■ **Directions for this task**: When the material ends, stop; until then, set down every line exactly.
____
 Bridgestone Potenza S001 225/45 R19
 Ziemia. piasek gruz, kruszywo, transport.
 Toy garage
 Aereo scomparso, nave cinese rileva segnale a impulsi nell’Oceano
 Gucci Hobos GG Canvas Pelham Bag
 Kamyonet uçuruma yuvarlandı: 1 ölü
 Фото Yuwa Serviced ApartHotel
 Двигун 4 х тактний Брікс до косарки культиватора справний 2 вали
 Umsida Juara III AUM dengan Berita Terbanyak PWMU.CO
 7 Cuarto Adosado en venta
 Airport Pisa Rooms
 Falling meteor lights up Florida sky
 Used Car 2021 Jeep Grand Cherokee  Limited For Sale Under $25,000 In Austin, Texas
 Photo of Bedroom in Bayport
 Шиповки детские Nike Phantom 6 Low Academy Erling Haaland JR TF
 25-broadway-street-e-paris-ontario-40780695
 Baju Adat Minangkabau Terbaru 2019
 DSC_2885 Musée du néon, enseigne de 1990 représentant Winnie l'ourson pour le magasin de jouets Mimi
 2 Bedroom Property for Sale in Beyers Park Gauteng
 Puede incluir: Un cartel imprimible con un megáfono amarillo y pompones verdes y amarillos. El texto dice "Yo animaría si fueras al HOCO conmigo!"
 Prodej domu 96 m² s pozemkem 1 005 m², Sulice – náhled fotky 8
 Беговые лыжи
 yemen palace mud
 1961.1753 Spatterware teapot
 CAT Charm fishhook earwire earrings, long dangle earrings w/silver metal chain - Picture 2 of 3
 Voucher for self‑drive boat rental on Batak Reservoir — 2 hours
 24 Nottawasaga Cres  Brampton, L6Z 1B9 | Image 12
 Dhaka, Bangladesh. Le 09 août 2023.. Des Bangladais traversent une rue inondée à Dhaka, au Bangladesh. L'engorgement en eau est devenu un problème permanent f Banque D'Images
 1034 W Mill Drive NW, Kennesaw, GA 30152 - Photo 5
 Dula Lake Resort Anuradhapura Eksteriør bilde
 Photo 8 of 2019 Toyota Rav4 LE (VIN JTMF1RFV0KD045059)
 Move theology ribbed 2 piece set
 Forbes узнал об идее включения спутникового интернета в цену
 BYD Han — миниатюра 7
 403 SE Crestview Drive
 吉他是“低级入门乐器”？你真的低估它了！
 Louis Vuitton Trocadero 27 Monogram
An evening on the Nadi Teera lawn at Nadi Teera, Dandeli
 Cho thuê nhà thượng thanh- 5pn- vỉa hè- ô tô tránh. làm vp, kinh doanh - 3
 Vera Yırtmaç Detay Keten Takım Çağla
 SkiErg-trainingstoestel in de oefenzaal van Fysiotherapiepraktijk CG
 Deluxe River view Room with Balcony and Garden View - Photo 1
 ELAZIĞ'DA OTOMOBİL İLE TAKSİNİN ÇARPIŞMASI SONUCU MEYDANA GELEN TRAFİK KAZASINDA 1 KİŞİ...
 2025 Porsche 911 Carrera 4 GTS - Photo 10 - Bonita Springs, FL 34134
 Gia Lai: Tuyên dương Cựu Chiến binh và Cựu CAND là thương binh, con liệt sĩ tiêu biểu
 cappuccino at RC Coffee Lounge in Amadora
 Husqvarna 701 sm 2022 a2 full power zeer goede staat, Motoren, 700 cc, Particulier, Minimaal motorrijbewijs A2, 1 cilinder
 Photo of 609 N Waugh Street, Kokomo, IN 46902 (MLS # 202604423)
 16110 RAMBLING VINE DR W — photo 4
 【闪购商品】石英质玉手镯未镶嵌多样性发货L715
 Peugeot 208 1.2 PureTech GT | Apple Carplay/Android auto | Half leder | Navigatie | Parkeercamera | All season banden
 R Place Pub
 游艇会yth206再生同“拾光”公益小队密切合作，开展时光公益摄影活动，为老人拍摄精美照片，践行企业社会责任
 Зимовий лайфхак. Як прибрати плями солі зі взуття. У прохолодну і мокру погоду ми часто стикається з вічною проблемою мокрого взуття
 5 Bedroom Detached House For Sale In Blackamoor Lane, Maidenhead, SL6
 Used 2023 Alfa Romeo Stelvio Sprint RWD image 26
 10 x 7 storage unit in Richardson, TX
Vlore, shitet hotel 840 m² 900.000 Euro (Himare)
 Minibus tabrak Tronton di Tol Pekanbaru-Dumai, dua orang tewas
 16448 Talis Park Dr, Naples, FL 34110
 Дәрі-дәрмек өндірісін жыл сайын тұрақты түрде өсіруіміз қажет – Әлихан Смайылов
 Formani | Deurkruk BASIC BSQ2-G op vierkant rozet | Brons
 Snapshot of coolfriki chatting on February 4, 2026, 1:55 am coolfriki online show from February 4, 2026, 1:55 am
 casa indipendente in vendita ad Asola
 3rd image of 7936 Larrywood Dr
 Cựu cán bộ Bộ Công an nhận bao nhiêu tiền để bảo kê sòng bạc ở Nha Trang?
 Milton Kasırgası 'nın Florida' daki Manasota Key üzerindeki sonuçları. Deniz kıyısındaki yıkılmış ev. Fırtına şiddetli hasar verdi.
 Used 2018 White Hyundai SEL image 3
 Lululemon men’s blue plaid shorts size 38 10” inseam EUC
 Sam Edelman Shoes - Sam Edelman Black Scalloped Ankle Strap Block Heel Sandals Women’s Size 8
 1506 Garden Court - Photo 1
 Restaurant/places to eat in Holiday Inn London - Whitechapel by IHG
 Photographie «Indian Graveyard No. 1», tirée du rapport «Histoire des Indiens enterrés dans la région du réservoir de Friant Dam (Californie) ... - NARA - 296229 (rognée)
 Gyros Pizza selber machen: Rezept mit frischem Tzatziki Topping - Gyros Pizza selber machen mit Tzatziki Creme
____
■ **Reply to the task**:
 Bridgestone Potenza S001 225/45 R19
 Ziemia. piasek gruz, kruszywo, transport.
 Toy garage
 Aereo scomparso, nave cinese rileva segnale a impulsi nell’Oceano
 Gucci Hobos GG Canvas Pelham Bag
 Kamyonet uçuruma yuvarlandı: 1 ölü
 Фото Yuwa Serviced ApartHotel
 Двигун 4 х тактний Брікс до косарки культиватора справний 2 вали
 Umsida Juara III AUM dengan Berita Terbanyak PWMU.CO
 7 Cuarto Adosado en venta
 Airport Pisa Rooms
 Falling meteor lights up Florida sky
 Used Car 2021 Jeep Grand Cherokee  Limited For Sale Under $25,000 In Austin, Texas
 Photo of Bedroom in Bayport
 Шиповки детские Nike Phantom 6 Low Academy Erling Haaland JR TF
 25-broadway-street-e-paris-ontario-40780695
 Baju Adat Minangkabau Terbaru 2019
 DSC_2885 Musée du néon, enseigne de 1990 représentant Winnie l'ourson pour le magasin de jouets Mimi
 2 Bedroom Property for Sale in Beyers Park Gauteng
 Puede incluir: Un cartel imprimible con un megáfono amarillo y pompones verdes y amarillos. El texto dice "Yo animaría si fueras al HOCO conmigo!"
 Prodej domu 96 m² s pozemkem 1 005 m², Sulice – náhled fotky 8
 Беговые лыжи
 yemen palace mud
 1961.1753 Spatterware teapot
 CAT Charm fishhook earwire earrings, long dangle earrings w/silver metal chain - Picture 2 of 3
 Voucher for self‑drive boat rental on Batak Reservoir — 2 hours
 24 Nottawasaga Cres  Brampton, L6Z 1B9 | Image 12
 Dhaka, Bangladesh. Le 09 août 2023.. Des Bangladais traversent une rue inondée à Dhaka, au Bangladesh. L'engorgement en eau est devenu un problème permanent f Banque D'Images
 1034 W Mill Drive NW, Kennesaw, GA 30152 - Photo 5
 Dula Lake Resort Anuradhapura Eksteriør bilde
 Photo 8 of 2019 Toyota Rav4 LE (VIN JTMF1RFV0KD045059)
 Move theology ribbed 2 piece set
 Forbes узнал об идее включения спутникового интернета в цену
 BYD Han — миниатюра 7
 403 SE Crestview Drive
 吉他是“低级入门乐器”？你真的低估它了！
 Louis Vuitton Trocadero 27 Monogram
An evening on the Nadi Teera lawn at Nadi Teera, Dandeli
 Cho thuê nhà thượng thanh- 5pn- vỉa hè- ô tô tránh. làm vp, kinh doanh - 3
 Vera Yırtmaç Detay Keten Takım Çağla
 SkiErg-trainingstoestel in de oefenzaal van Fysiotherapiepraktijk CG
 Deluxe River view Room with Balcony and Garden View - Photo 1
 ELAZIĞ'DA OTOMOBİL İLE TAKSİNİN ÇARPIŞMASI SONUCU MEYDANA GELEN TRAFİK KAZASINDA 1 KİŞİ...
 2025 Porsche 911 Carrera 4 GTS - Photo 10 - Bonita Springs, FL 34134
 Gia Lai: Tuyên dương Cựu Chiến binh và Cựu CAND là thương binh, con liệt sĩ tiêu biểu
 cappuccino at RC Coffee Lounge in Amadora
 Husqvarna 701 sm 2022 a2 full power zeer goede staat, Motoren, 700 cc, Particulier, Minimaal motorrijbewijs A2, 1 cilinder
 Photo of 609 N Waugh Street, Kokomo, IN 46902 (MLS # 202604423)
 16110 RAMBLING VINE DR W — photo 4
 【闪购商品】石英质玉手镯未镶嵌多样性发货L715
 Peugeot 208 1.2 PureTech GT | Apple Carplay/Android auto | Half leder | Navigatie | Parkeercamera | All season banden
 R Place Pub
 游艇会yth206再生同“拾光”公益小队密切合作，开展时光公益摄影活动，为老人拍摄精美照片，践行企业社会责任
 Зимовий лайфхак. Як прибрати плями солі зі взуття. У прохолодну і мокру погоду ми часто стикається з вічною проблемою мокрого взуття
 5 Bedroom Detached House For Sale In Blackamoor Lane, Maidenhead, SL6
 Used 2023 Alfa Romeo Stelvio Sprint RWD image 26
 10 x 7 storage unit in Richardson, TX
Vlore, shitet hotel 840 m² 900.000 Euro (Himare)
 Minibus tabrak Tronton di Tol Pekanbaru-Dumai, dua orang tewas
 16448 Talis Park Dr, Naples, FL 34110
 Дәрі-дәрмек өндірісін жыл сайын тұрақты түрде өсіруіміз қажет – Әлихан Смайылов
 Formani | Deurkruk BASIC BSQ2-G op vierkant rozet | Brons
 Snapshot of coolfriki chatting on February 4, 2026, 1:55 am coolfriki online show from February 4, 2026, 1:55 am
 casa indipendente in vendita ad Asola
 3rd image of 7936 Larrywood Dr
 Cựu cán bộ Bộ Công an nhận bao nhiêu tiền để bảo kê sòng bạc ở Nha Trang?
 Milton Kasırgası 'nın Florida' daki Manasota Key üzerindeki sonuçları. Deniz kıyısındaki yıkılmış ev. Fırtına şiddetli hasar verdi.
 Used 2018 White Hyundai SEL image 3
 Lululemon men’s blue plaid shorts size 38 10” inseam EUC
 Sam Edelman Shoes - Sam Edelman Black Scalloped Ankle Strap Block Heel Sandals Women’s Size 8
 1506 Garden Court - Photo 1
 Restaurant/places to eat in Holiday Inn London - Whitechapel by IHG
 Photographie «Indian Graveyard No. 1», tirée du rapport «Histoire des Indiens enterrés dans la région du réservoir de Friant Dam (Californie) ... - NARA - 296229 (rognée)
 Gyros Pizza selber machen: Rezept mit frischem Tzatziki Topping - Gyros Pizza selber machen mit Tzatziki Creme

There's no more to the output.